The Acanthus Awards are named after the acanthus leaf, an herbaceous shrub that's a common classical motif — you see it on Corinthian column capitals — that symbolizes rebirth and immortality. The awards ceremony was held at the Great Banking Hall of the Wintrust Building in downtown Chicago.

For more, discover the 2025 winners of the ICAA Rocky Mountain Benedict Awards, the ICAA Washington Pope Awards, or the ICAA National Ross Awards.

Read on for the 2020 Acanthus award winners.

Hancock Studio Arts: Al-Huda Islamic Center of Indiana

Allied Arts & Craftsmanship

A fine example of contemporary Islamic architecture, this new facility serves the largest congregation of Muslim people in Indiana. The project included the on-site installation, hand-painting, and gilding of unique Islamic designs. And because the entrant is not Muslim, this was an interfaith collaboration.
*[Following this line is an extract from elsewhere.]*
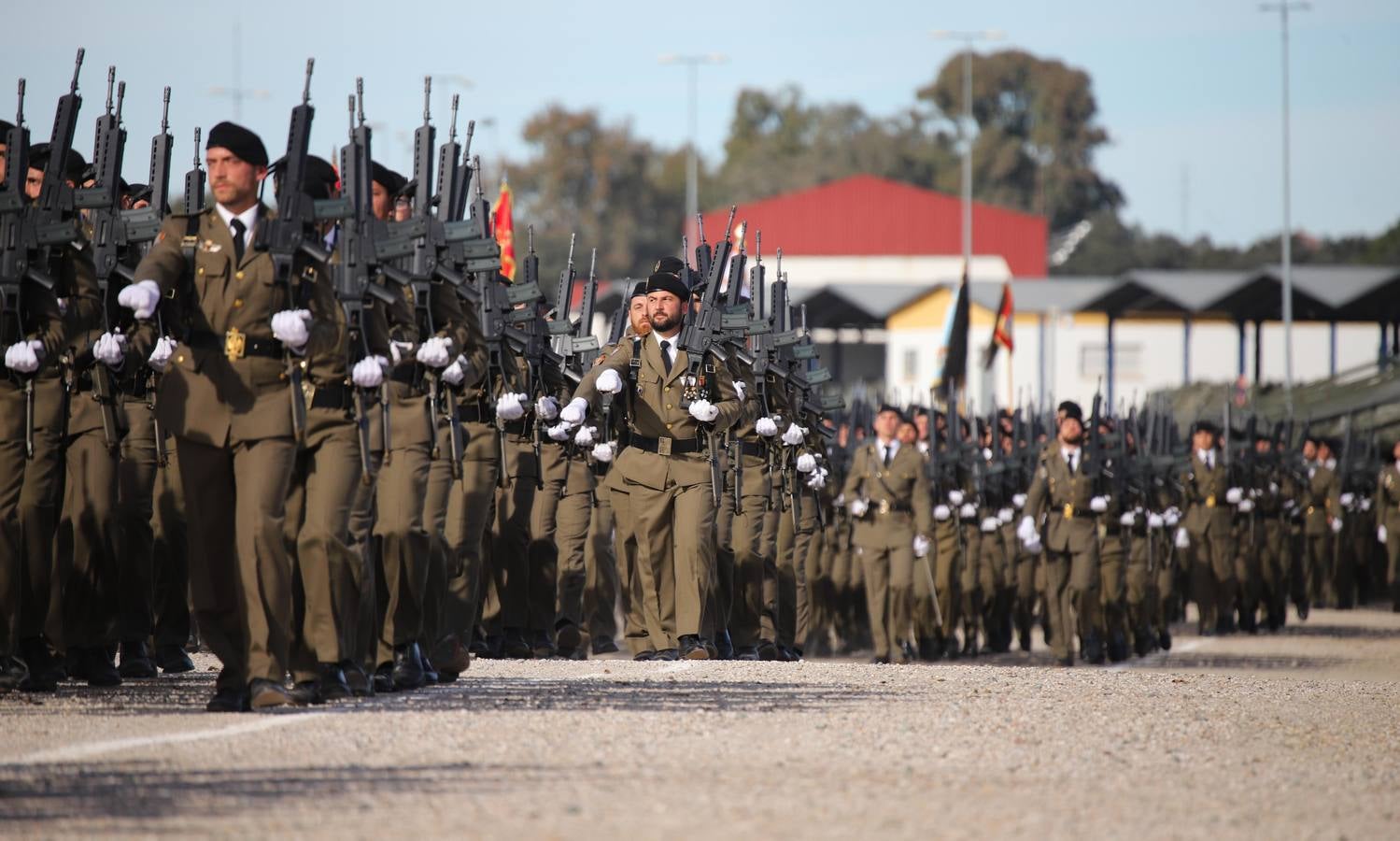 El desfile de la BRI X por el día de la Inmaculada, en imágenes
Hollander Design: Beech House

Landscape Design – Award of Arete

This Shingle-style new build on Long Island is designed to feel like it's sat in the landscape for ages. The house wraps around a carefully preserved beech tree, and the rest of the landscape comprises meadow instead of a lawn, along with boxwood, puffy hydrangeas, and gravel pathways that connect the pool, dining terrace, and tennis courts.

McNicholas Architects: Mary, Mother of the Eucharist Chapel

Institutional or Commercial Architecture

In Rochester, Minnesota, under the Catholic diocese of Winona–Rochester, the Mary, Mother of the Eucharist Chapel was recently completed by McNicholas Architects. It's richly ornamented, and the walls bloom with the iconography of the Winona Rose, the Star of Bethlehem, and a pier guilloche pattern.
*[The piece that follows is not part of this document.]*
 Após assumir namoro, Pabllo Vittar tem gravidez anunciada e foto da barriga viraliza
Meghan Jay Design: The Cabana

Renovation & Adaptive Reuse

Winning the renovation category was The Cabana at Pembroke Lodge, originally designed in the 1920s by architect David Adler. Meghan Jay Design was inspired by that '20s glamour along with New England coastal aesthetics to create a space that's fresh, whimsical, and charming, designed to look as great during the day as it does lit by candles at night.
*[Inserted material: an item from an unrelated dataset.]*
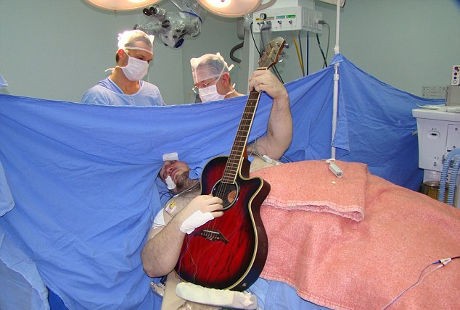 Wah! Pria Ini Jalani Operasi Tumor Otak Sambil Bermain Gitar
Soucie Horner Design Collective: Southern Charm

Interior Design

At this rural North Carolina estate, timeless, classical design is combined with modern living. The interior design by Soucie Horner Design Collective is full of richly layered materials, textured finishes that add a rustic elegance, a stylish combination of modern and traditional, and reclaimed wood beams and flooring.

Jon Patrick Boulanger: The Saint Alcuin Center for the Classical Studies at Benedictine College

Student Work – Recently Graduated

These drawings propose a new academic building for Benedictine College in Atchison, Kansas. It aims to denote the college's entrance in a style reflective of the Universities of the English Renaissance, like Oxford and Cambridge. It includes highlights of the twin spires of St. Benedict’s church and a vista of the Abbey belfry upon the bluffs of the Missouri River.

Anna Cross: Cloes House

Student Work – Recently Graduated

Cloes House is a proposal for a senior living facility in Lake Bluff, Illinois. The site would service all phases of senior care under one roof: independent living, assisted living, memory care, and skilled nursing. The project pulls on Arts & Crafts principles like functional simplicity, craftsmanship, and naturalism, for a life care community and an architectural project fundamentally informed by love.